Where can we find this app?

The idea is familiar: i.e., making use of the smart phone with GPS in our pocket, and putting it to work to help us calibrate and understand a range of interconnected variables related to our mobility choices. Both (a) as the now more familiar on-line information system that can help us make better travel choices, and, less well known, (b) as a feedback system which will permit us to understand the key implications of those specific choices. Including where we travel, when and how -- and as a result the health, economics and environmental impacts of our choices, and if possible both personal and collective.  Think of such an app as a healthy mobility feedback kit in our pocket. 

There are of course literally thousands of transport apps out there today of various intentions and quality, a number of them really excellent.  But where are the ones that also provide user feedback and decision criteria on (a) those specific mobility choices and (b) their impacts on health, environment, economics? Does such an app exist, and if so please share your information with us so that we all can have a look and learn from good examples?

For starters and to do the full job, these apps would have to provide the more usual functions of the full range of mobility choices open to each of us, in that place and at that time: both the phone and database know who you are, your location, and to a certain extent your historic transport preferences. On that base you then tap in your desired destination, desired time or conditions of transit (either right now or scheduled at some future time as you prefer). Your app will then present what it guesses are your likely preferences stacked and presented to you in the order that the database knows you usually prefer -- as well as the by now pretty usual range of information on likely time in transit, CO2 impacts, etc., etc. Handy stuff and pretty well served by many apps already out there doing the job in different places.  

Again we open up this kind of tool and use it not because we HAVE to -- but because we figure it is in our interest to do so. And of course once we get the habit, we just do it without really thinking about it. And in the process we have moved up the effectiveness scale from active to passive reactions, the latter being far more powerful.  Just the kind of thing that is needed to get on the path to sustainability.

But that's just the first layer. However before we get to the second layer, a few quick words about the challenge of sustainability on our benighted  wheezing planet.

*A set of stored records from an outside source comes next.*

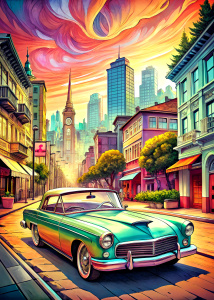   ultra detailed  convertible vintage car in San Francisco ,background, style pop art, , style watecolor, black background,ready for print t-shirt, style art fabric, without horse, full body
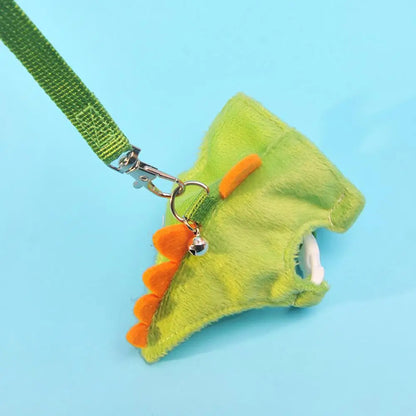 Adjustable Ferret Drawstring Vest  With Bell Pet Outdoor Walking Rope Bunny Harness Harness Vest Dinosaur Design Pet Accessories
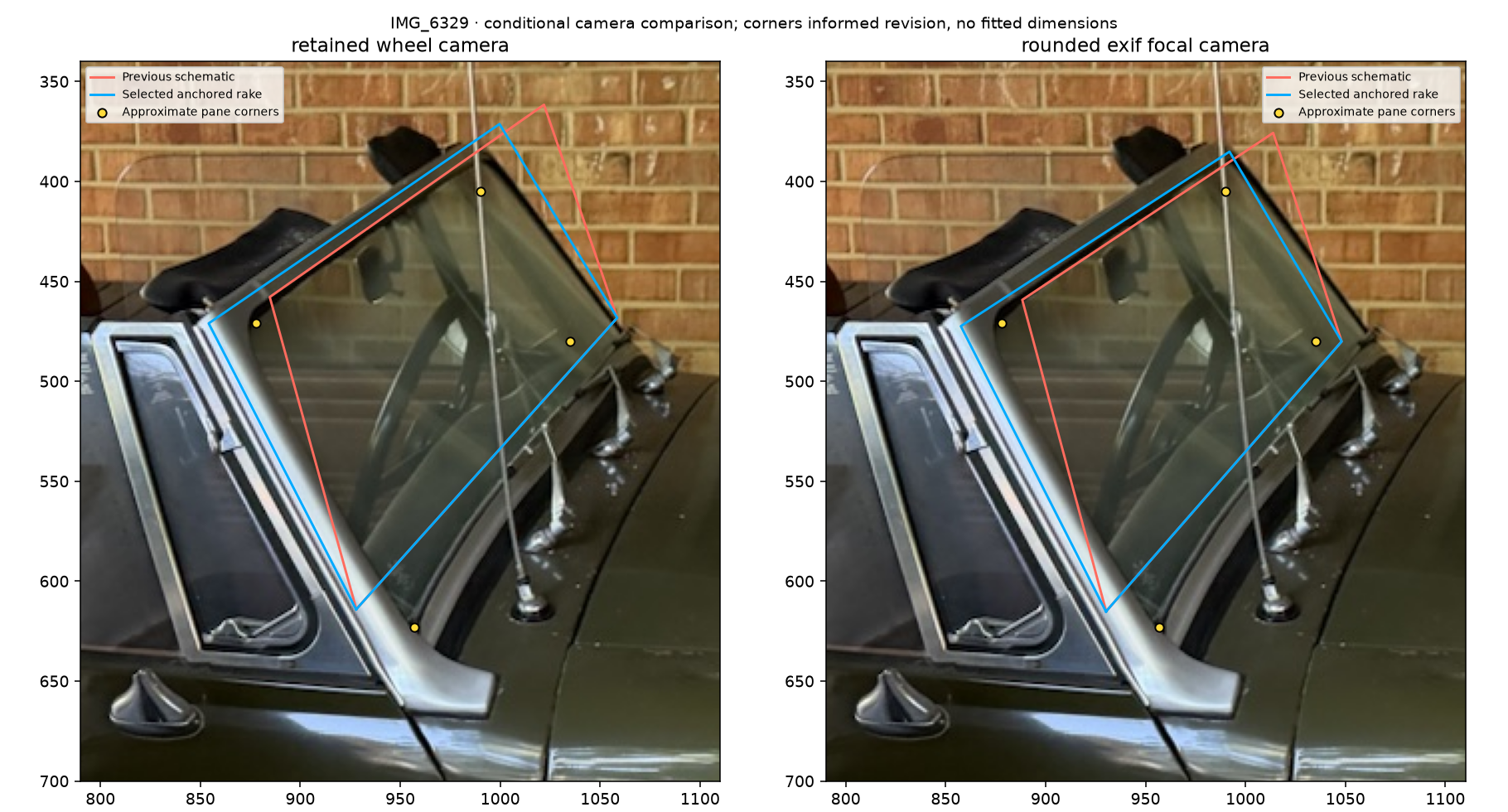 Owner side photograph with earlier and revised pane outlines under two camera assumptions
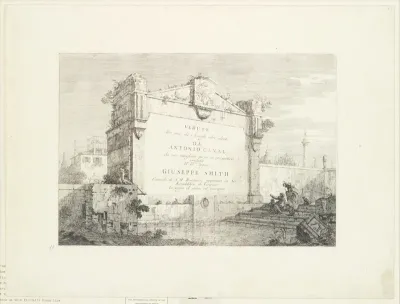 Title page with a large wall of a classical ruin, with a figure seated at right pointing to the dedication, from "Views" (Vedute altre prese da i luoghi altre ideate da Antonio Canal)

At the heart of the move to sustainability, in all senses, is the idea that we, one by one, are going to have to modify our behavior and replace many old habits, some bad, with ones that may benefit us, both personally and collectively  Now we are not taking about "behavior modification" at the hands of some dark government agency or merciless Soviet doctor/scientist sitting at a threatening console controlling electrodes attached to our who-knows-where parts. But rather a personal willingness of our part to change, if only a bit, simply we understand that this or that decision and action will be to our personal benefit. And perhaps, why not?, beneficial in some small way to society as a whole.  Changing because we want to, not because we are forced to.

Now back to that app. What I want it to tell me is, for example, if I walk or bike on my next trip, or hop into my car, what will be the personal health impacts of my choice. And if possible not simply in the frame of calories burned, but also against the backdrop of a more personalized health database/app. 

Ditto for the financial impacts (on my purse and that of the community as a whole), the effect on traffic, the environmental impacts, etc. And so on down the mobility choice chain.

Our good app might at the end of each week/month present us with a summary of the various key implications of our aggregate mobility choices over that period.

Finally, our good app will have to be open and programmable so that it can be easily and legally adapted to work in different places.

Now where is that app we should be looking at here?